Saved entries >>
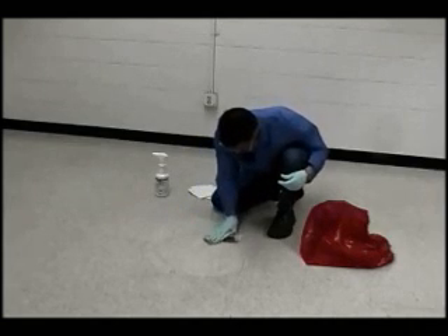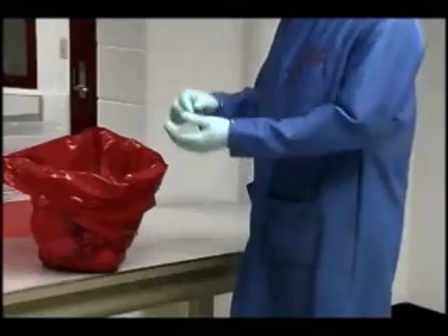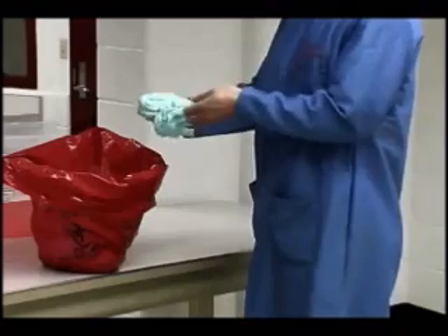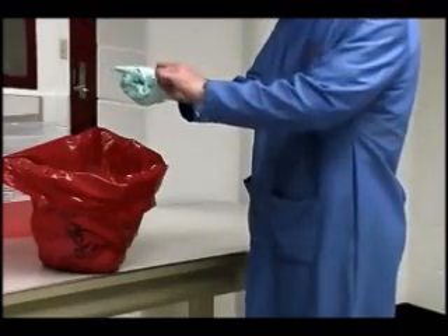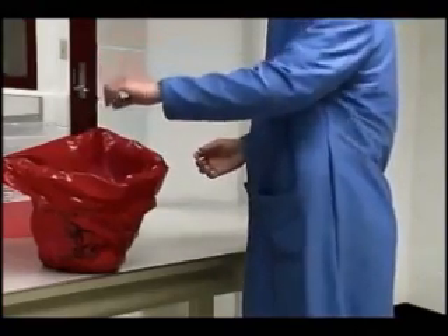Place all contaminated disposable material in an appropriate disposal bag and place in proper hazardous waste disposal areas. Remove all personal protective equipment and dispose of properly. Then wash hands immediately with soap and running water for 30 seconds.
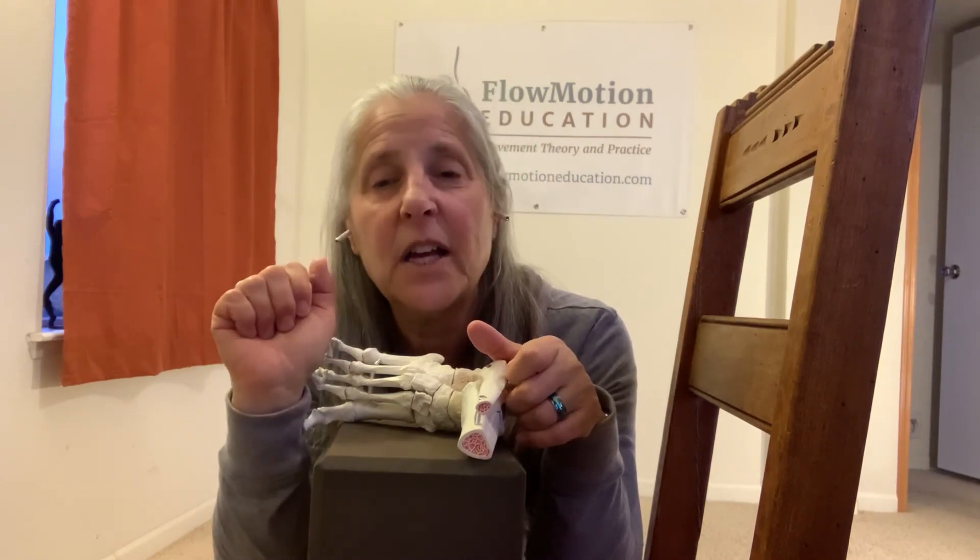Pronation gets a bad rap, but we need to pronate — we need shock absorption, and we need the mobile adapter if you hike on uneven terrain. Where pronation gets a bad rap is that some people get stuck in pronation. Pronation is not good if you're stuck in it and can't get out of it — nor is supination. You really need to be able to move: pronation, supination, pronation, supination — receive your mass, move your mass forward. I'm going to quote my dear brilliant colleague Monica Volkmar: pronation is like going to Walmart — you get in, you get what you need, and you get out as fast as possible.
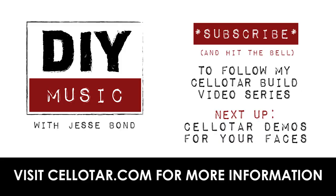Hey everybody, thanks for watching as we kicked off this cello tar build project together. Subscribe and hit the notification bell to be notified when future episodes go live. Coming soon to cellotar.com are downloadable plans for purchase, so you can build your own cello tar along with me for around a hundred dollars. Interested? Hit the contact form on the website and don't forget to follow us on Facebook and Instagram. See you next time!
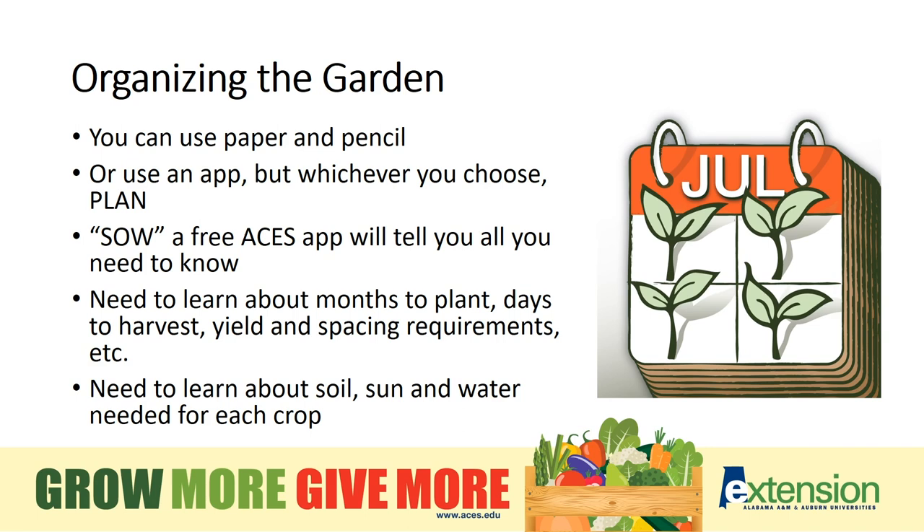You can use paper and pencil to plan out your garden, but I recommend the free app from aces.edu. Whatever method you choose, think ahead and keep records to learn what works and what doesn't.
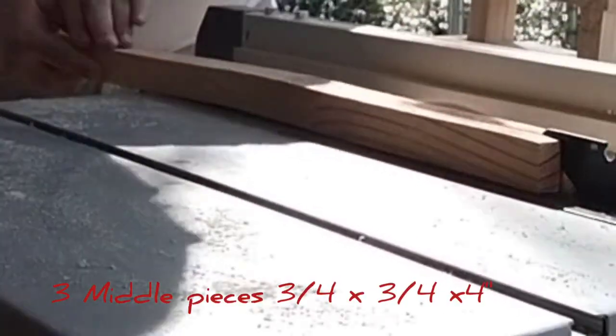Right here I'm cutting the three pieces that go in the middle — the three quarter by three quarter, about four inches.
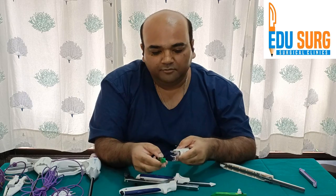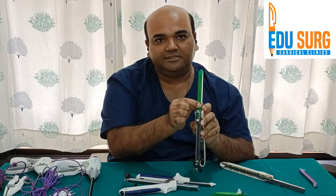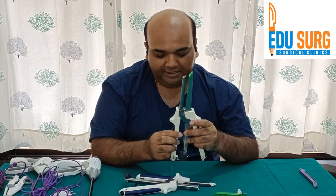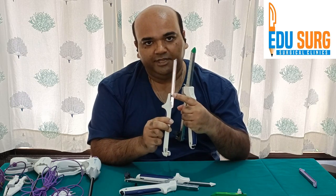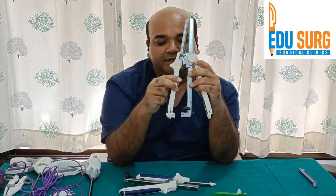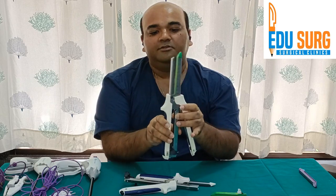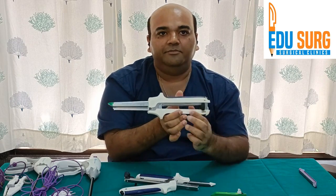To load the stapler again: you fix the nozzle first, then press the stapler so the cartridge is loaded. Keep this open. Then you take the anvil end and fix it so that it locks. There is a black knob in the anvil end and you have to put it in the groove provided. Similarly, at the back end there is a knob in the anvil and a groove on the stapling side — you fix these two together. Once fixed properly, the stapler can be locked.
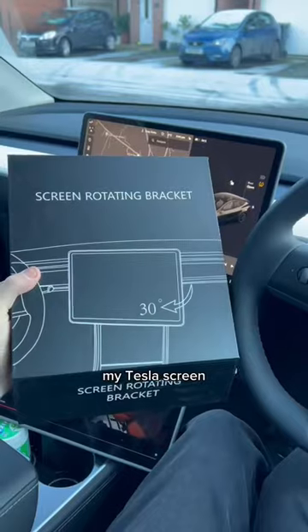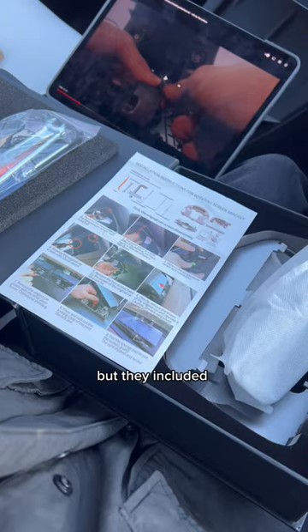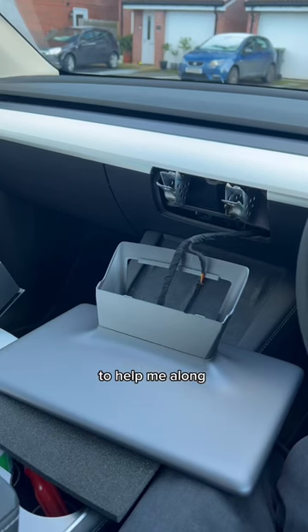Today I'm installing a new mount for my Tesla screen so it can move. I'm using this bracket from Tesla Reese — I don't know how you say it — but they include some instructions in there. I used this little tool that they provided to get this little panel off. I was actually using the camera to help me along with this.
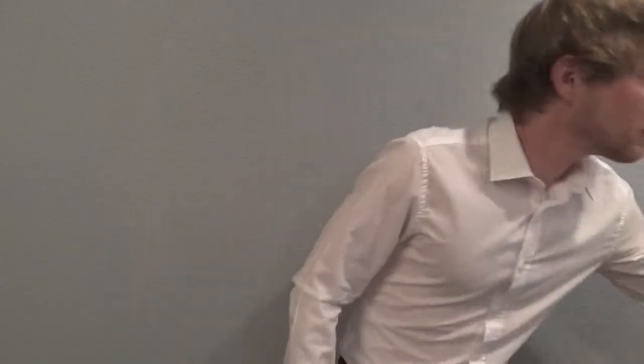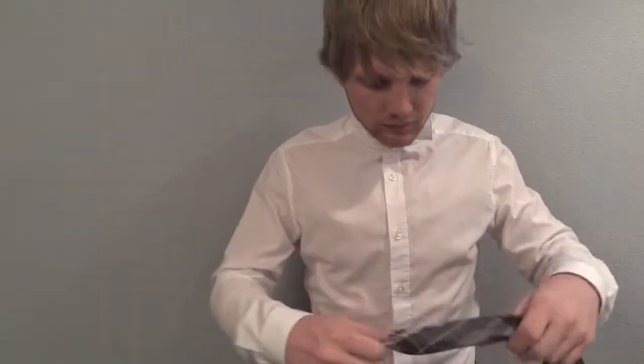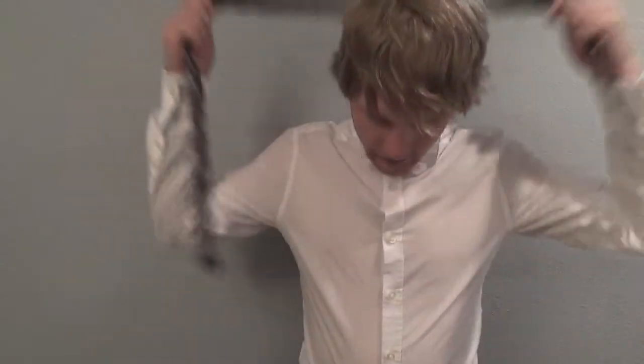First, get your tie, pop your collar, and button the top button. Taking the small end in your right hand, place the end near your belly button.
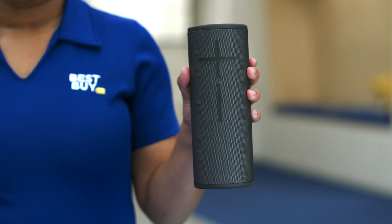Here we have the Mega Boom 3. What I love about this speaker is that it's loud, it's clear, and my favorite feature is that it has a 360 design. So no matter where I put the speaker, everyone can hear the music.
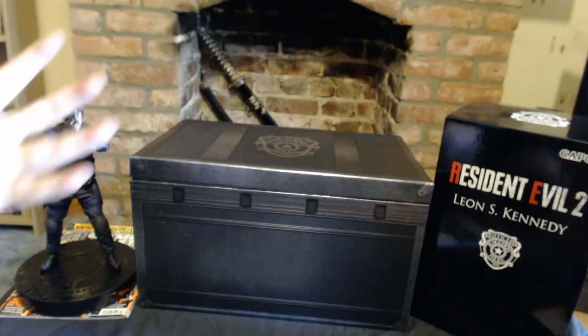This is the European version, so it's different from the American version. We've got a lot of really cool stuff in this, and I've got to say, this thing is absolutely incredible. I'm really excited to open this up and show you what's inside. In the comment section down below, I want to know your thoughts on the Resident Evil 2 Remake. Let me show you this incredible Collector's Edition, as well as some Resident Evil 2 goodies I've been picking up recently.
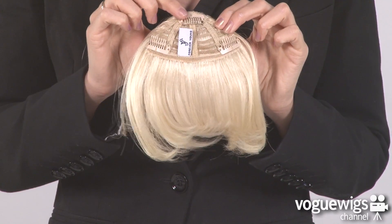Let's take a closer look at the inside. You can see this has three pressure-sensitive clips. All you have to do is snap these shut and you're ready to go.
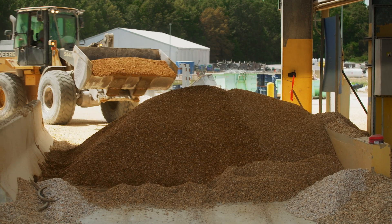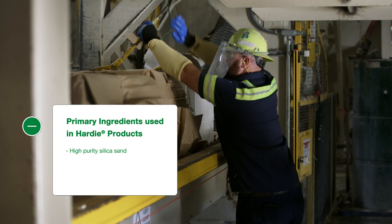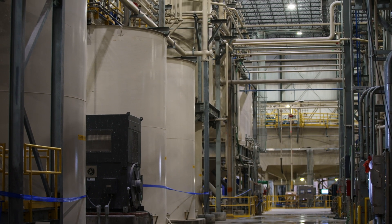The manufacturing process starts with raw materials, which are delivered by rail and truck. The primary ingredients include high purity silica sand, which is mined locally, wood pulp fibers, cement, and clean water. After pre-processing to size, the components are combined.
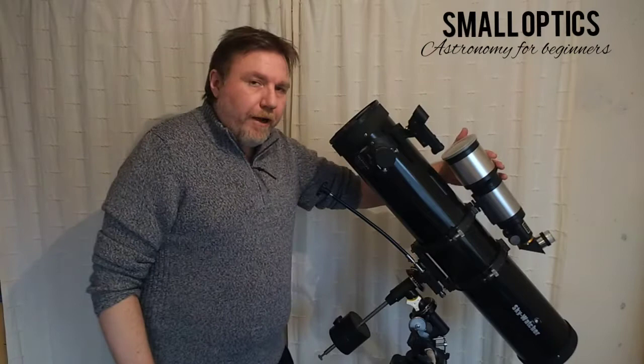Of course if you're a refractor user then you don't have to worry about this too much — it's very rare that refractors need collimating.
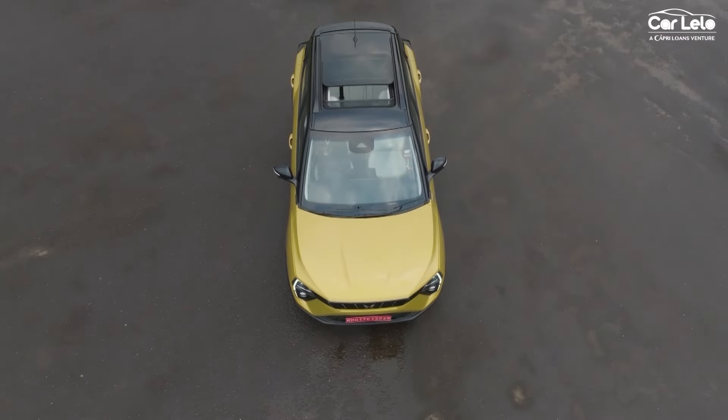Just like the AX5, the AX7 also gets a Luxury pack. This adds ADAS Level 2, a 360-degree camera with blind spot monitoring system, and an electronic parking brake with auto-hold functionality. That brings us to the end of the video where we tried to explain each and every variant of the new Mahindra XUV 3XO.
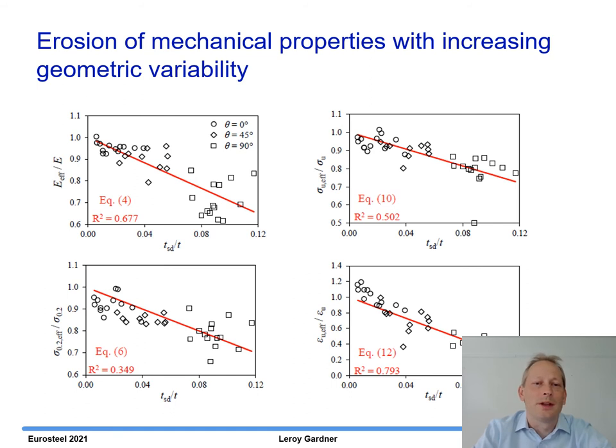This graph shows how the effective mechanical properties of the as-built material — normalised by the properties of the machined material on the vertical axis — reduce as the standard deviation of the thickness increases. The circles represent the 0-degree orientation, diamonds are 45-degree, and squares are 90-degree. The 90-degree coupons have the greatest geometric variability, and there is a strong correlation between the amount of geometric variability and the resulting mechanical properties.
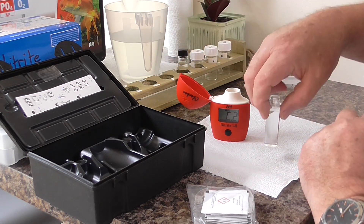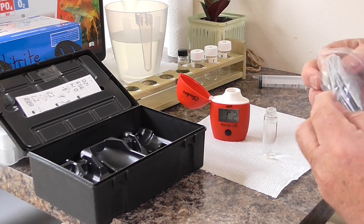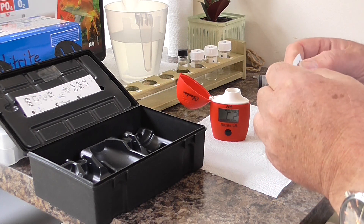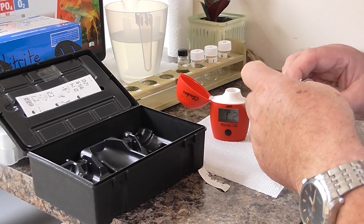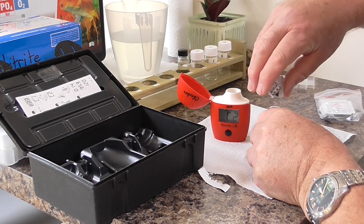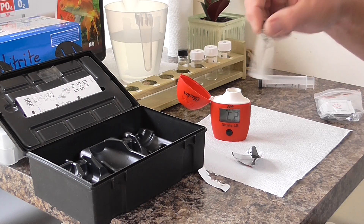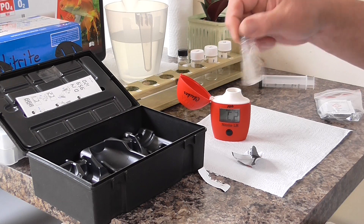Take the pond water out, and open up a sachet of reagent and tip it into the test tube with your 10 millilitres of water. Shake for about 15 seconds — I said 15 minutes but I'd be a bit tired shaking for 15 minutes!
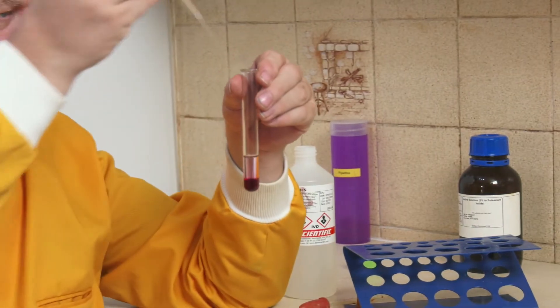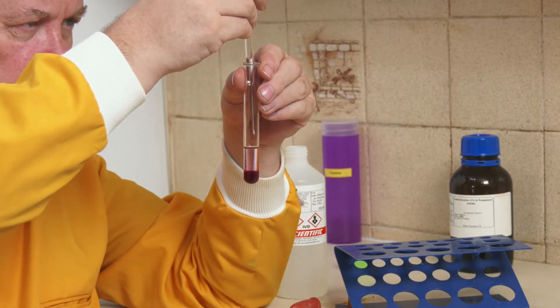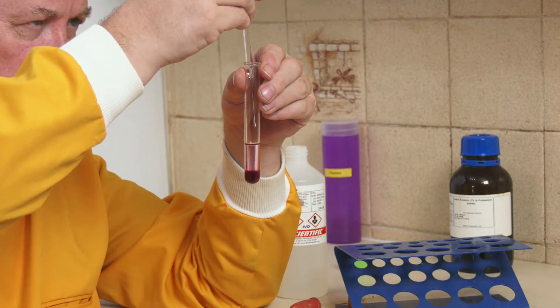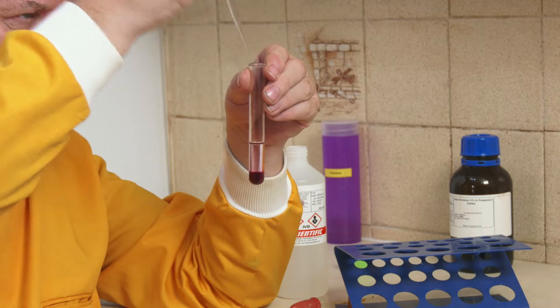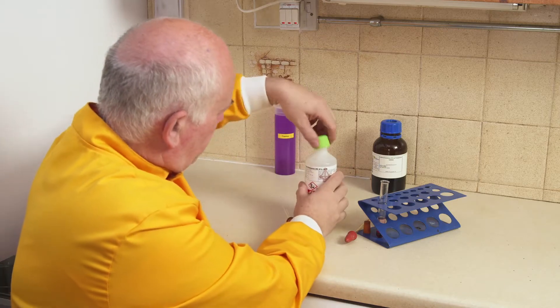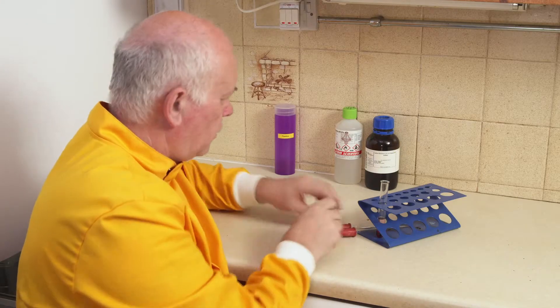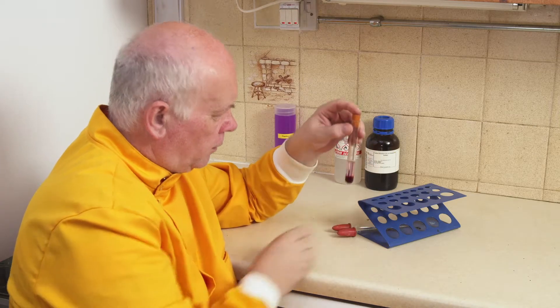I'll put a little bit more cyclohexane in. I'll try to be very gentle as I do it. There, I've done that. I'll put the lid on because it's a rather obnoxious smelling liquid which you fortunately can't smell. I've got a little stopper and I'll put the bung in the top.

Directions for this task >> Look above and copy only the lines from the one holding "Right here I'm" to the one holding "Today I'm installing", both included, exactly, minus the pictures.

Answer >>
Right here I'm cutting the three pieces that go in the middle — the three quarter by three quarter, about four inches.
To load the stapler again: you fix the nozzle first, then press the stapler so the cartridge is loaded. Keep this open. Then you take the anvil end and fix it so that it locks. There is a black knob in the anvil end and you have to put it in the groove provided. Similarly, at the back end there is a knob in the anvil and a groove on the stapling side — you fix these two together. Once fixed properly, the stapler can be locked.
Today I'm installing a new mount for my Tesla screen so it can move. I'm using this bracket from Tesla Reese — I don't know how you say it — but they include some instructions in there. I used this little tool that they provided to get this little panel off. I was actually using the camera to help me along with this.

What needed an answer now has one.